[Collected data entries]
Start of Block
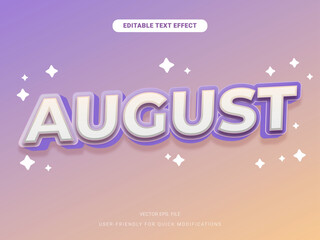 Vector Editable August Text Effect with Clean Lines and Subtle Modern Typography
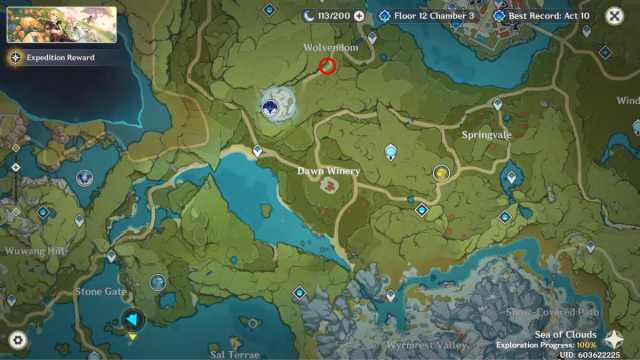 An image from Genshin Impact Anecdote Chronicle of Diona's location in the forest of Wolvendom.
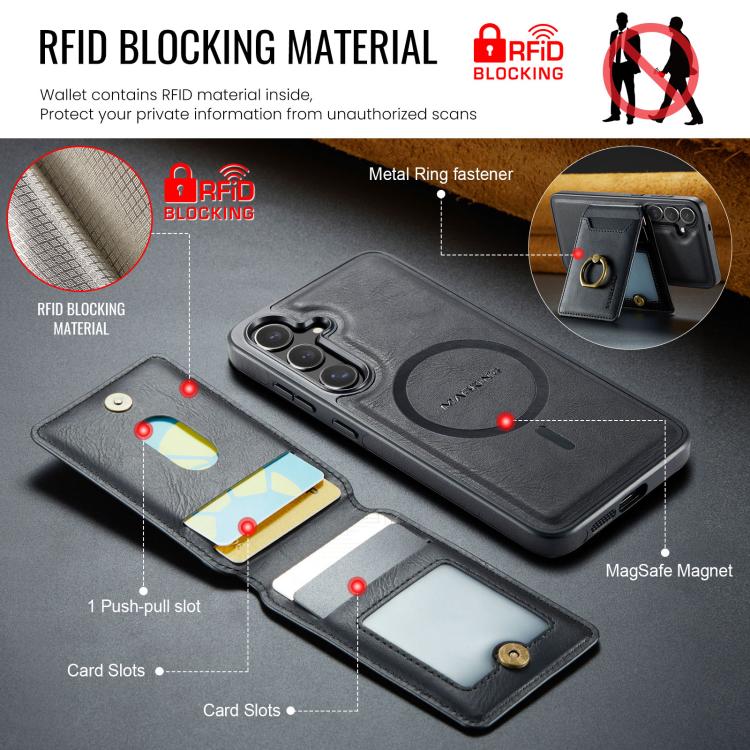 For Samsung Galaxy S25 FE 5G MAGKING K1 MagSafe Detachable Wallet RFID Back Cover Phone Case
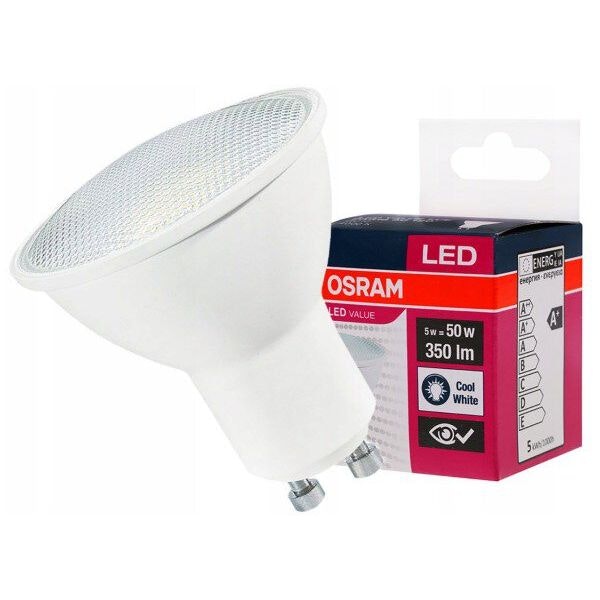 OSRAM GU10 LED-lampa 5W LED värde naturlig 4000k (120 graders belysningsvinkel)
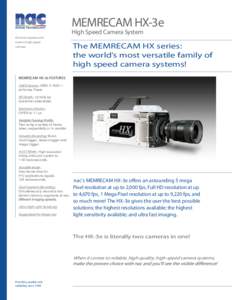 nac MEMRECAM HX-3e High Speed Camera System Specification Sheet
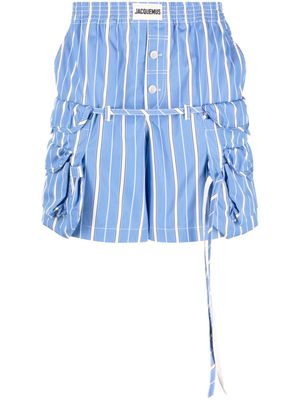 Jacquemus Trivela stripe-print cotton shorts - Blue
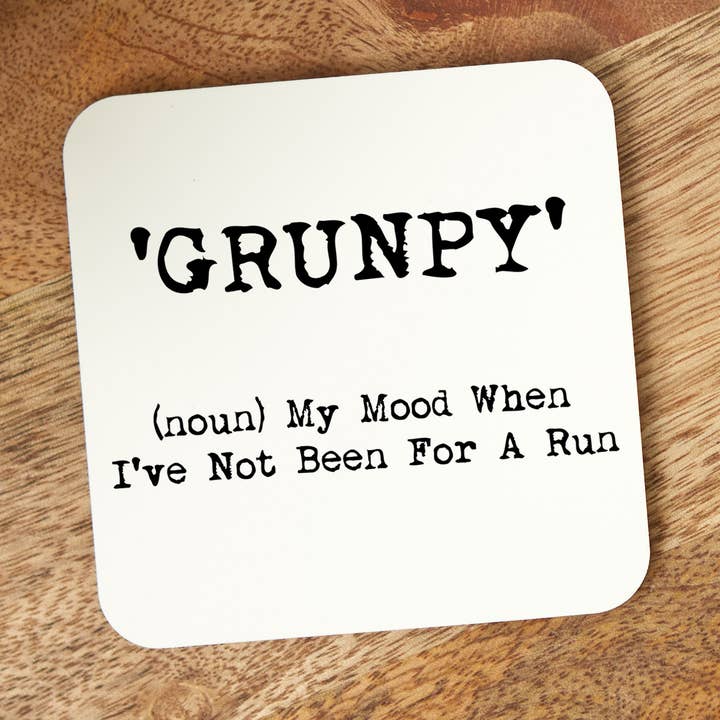 Grunpy Coaster, Runner Gift, Running Present, Marathon Well for wholesale by Pretty Little Personalised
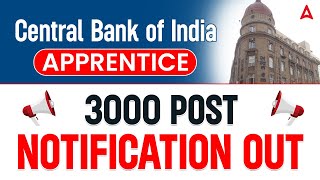 Central Bank of India Apprentice Recruitment 2024  Central Bank of India Notification 2024 [upl. by Nakeber]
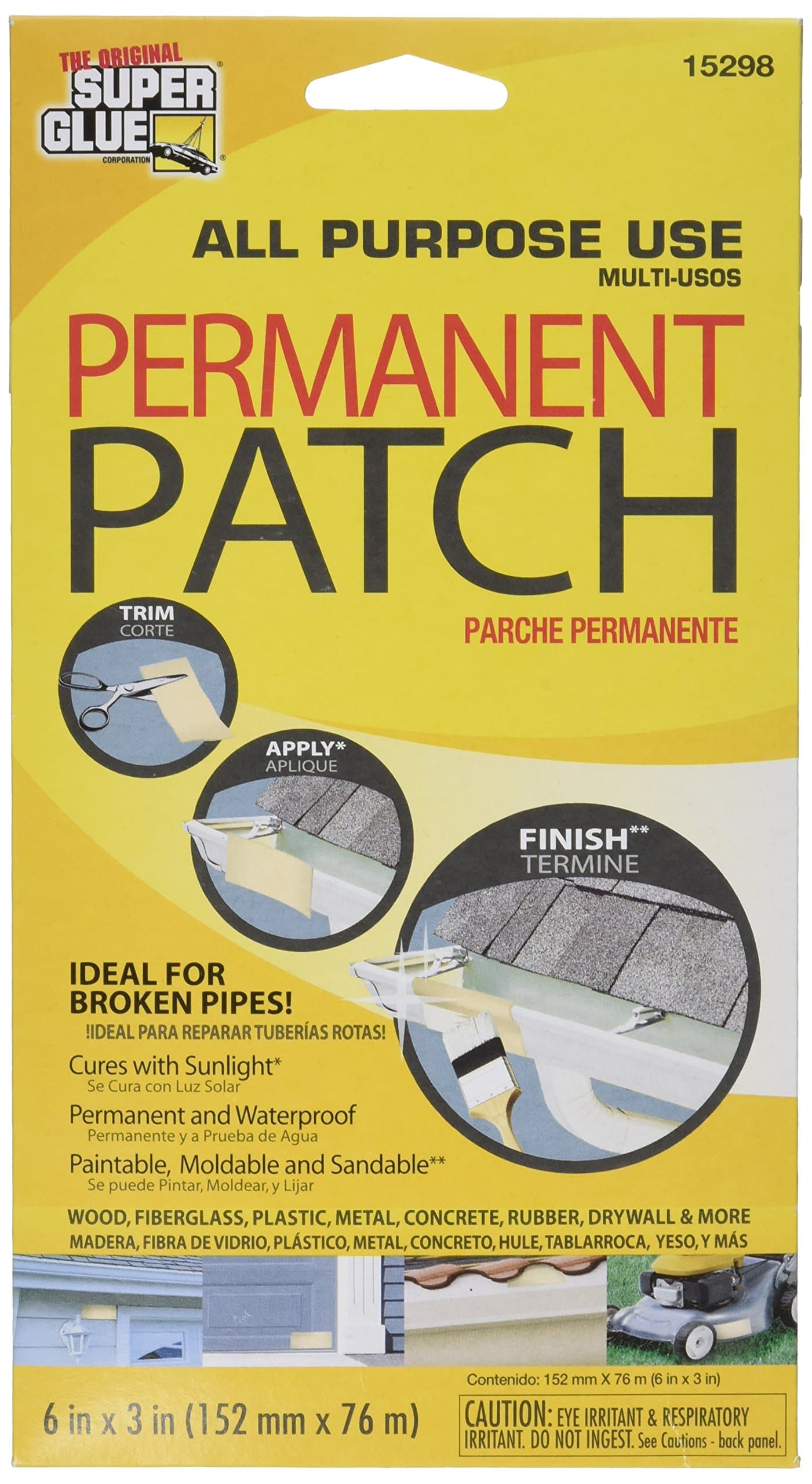 Super Glue - Black - Permanent Reinforced Polyester Fiberglass Patch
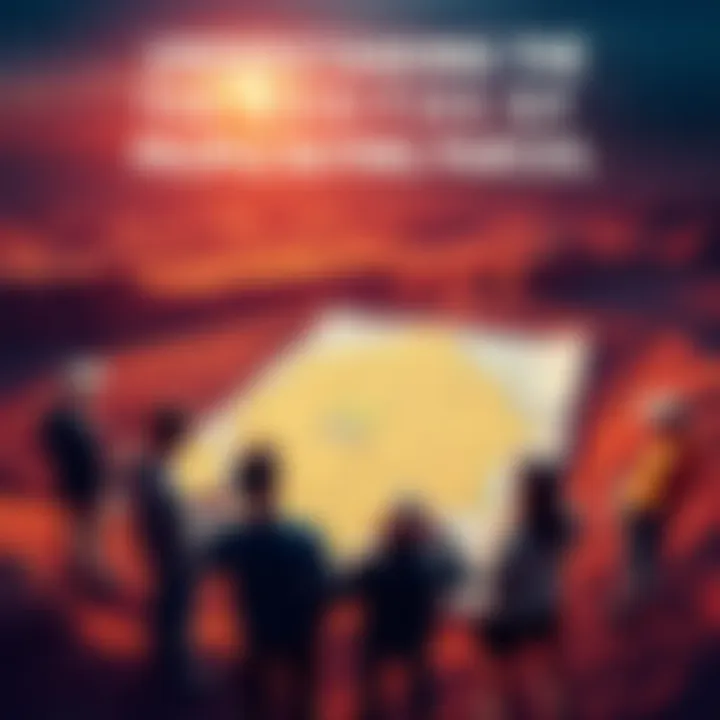 A group of people standing around a map, discussing the purchase of land parcels that form a triangle shape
End of Block
● **WORK TO BE COMPLETED**
Leave out the pictures and repeat exactly the lines from the one containing "Jacquemus Trivela stripe-print" through the last line of the entries.

● **EXERCISE ANSWER**
 Jacquemus Trivela stripe-print cotton shorts - Blue
 Grunpy Coaster, Runner Gift, Running Present, Marathon Well for wholesale by Pretty Little Personalised
 Central Bank of India Apprentice Recruitment 2024  Central Bank of India Notification 2024 [upl. by Nakeber]
 Super Glue - Black - Permanent Reinforced Polyester Fiberglass Patch
 A group of people standing around a map, discussing the purchase of land parcels that form a triangle shape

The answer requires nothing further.